Of course, leaks are nothing new, and if I’m being really cynical, some, I’m sure, are leaked on purpose, to create some hype. But that defeats the point if the artist is leaking it: it’s theirs to leak. I feel for FKA Twigs, regardless of whether or not you like her music, she seems to me to be one of the few true artists we have producing new and interesting music at the moment. She has artistic integrity, and people looking to ruin it have undermined everything she’s worked for. In an age where we’re used to having everything instantly, has it dulled our attitude towards waiting for new music? Not to mention clips on Instagram/TikTok, footage of rehearsals etc. diluting what we see as a leak. In our current culture, perhaps we don’t value the artist half as much as we should.
Leaks over the years have been met with indignation, appeals for hackers to cease, and public complaints. Lady Gaga’s first track of Artpop, ‘Applause’, was leaked before release, and the star tweeted her disappointment. Not least because it was the second time this had happened to her – ‘Judas’ had leaked two years earlier (the irony of one of Gaga’s inner circle leaking a track called ‘Judas’ is not lost on me). Kanye West, Madonna, Katy Perry and Beyonce have also suffered at the hands of leaks. Nobody is safe – the bigger you are, the more people in your team have access to your music.
Sometimes (and this is where you should prepare to feel extremely young, as I tell this by candlelight) I long for the times when to get your hands on new music meant waiting for a physical object. Of course there have always been leaks, but it’s a hell of a lot harder to get music out there when you have to copy a tape and cycle through the rain to get other people to hear it.

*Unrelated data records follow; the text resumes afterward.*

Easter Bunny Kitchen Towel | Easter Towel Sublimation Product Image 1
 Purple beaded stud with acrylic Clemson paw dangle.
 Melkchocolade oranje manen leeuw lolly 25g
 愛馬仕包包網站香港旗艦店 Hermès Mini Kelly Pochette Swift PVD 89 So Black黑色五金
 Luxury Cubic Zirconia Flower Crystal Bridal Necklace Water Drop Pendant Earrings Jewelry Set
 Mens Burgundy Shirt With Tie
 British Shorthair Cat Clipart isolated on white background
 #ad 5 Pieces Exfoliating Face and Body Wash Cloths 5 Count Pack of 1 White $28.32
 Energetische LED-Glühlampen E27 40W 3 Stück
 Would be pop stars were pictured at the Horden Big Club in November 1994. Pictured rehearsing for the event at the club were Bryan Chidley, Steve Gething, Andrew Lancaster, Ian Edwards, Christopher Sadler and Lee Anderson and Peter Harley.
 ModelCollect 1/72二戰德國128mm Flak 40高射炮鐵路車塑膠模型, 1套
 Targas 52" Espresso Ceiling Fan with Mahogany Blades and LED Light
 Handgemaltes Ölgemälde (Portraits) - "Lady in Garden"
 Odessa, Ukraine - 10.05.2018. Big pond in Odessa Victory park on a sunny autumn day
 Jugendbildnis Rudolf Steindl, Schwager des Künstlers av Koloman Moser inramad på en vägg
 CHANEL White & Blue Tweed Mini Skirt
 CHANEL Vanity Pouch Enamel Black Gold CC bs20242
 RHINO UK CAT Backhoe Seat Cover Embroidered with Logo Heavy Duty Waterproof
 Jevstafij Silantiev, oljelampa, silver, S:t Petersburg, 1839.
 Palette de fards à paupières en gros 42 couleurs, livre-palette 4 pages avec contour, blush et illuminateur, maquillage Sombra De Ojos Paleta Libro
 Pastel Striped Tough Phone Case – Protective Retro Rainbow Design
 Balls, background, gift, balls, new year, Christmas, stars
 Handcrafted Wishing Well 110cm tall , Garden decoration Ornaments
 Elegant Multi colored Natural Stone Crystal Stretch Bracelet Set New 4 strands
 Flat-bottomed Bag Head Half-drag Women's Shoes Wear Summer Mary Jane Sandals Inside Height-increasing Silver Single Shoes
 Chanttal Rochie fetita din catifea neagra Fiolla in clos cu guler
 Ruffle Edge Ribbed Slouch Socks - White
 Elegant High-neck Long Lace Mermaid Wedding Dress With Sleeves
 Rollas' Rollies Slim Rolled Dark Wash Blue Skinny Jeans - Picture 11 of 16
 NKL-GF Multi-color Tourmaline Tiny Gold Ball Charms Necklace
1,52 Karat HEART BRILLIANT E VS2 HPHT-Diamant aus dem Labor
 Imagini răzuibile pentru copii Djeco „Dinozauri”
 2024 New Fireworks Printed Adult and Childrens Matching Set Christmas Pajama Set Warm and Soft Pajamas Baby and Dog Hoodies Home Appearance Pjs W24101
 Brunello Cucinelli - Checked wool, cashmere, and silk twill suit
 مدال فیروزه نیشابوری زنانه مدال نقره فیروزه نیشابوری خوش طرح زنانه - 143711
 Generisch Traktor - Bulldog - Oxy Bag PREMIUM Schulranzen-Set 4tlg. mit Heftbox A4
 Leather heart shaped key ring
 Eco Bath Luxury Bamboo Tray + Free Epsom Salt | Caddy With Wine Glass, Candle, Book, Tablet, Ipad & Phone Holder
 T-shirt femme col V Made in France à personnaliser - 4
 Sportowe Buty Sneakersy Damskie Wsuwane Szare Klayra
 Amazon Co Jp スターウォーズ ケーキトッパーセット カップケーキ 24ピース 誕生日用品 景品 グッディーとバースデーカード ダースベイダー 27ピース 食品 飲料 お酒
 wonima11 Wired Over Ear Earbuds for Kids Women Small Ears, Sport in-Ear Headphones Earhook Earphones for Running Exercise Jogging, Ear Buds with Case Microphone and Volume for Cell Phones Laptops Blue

There’s something sacred about waiting for something new in 2023. When a television series is released weekly, you feel a shared sense of excitement with people who are watching it too. Succession is one of the few big shows choosing this release method recently, and I think it’s fair to say that was quite popular. With everything being available all the time, perhaps we’ve lost a bit of romance when it comes to enjoying, and respecting art. At the risk of sounding like a British meme account, a queue for something you’ve been waiting for with other people who are similarly excited is an antithesis to the antisocial act of listening to leaked tracks alone in your room. Perhaps that’s why vinyl has surged in popularity again in recent years. It’s communal.
FKA Twigs said on her Instagram story that she was going ‘back to the drawing board’, adding that she ‘got hacked and somebody leaked 85 of my demos well done no new music for a while now bye’. Which touches on another problem with leaks: often they’re not the finished article. You’re hearing demos, the work-in-progress, something that by the time it’s finished, might not sound anything like that. Why would you want to see half a film? Read an unfinished book riddled with plot holes? Buy a painting with the faces not done? You wouldn’t. So at the risk of sounding like the famous ‘You wouldn’t start a night like this’ binge drinking advert, you wouldn’t buy anything else that wasn’t ready, don’t do it with music.
In 2023, when artists are already strangled financially, have their songs streamed the world over for free, and have to hope that maybe they can make money from touring, or merch, let the actual music remain sacred. We don’t know how many other artists will take FKA Twigs’ lead after seeing her reaction this week. If you love the art, respect the artist. Good things come to those who wait.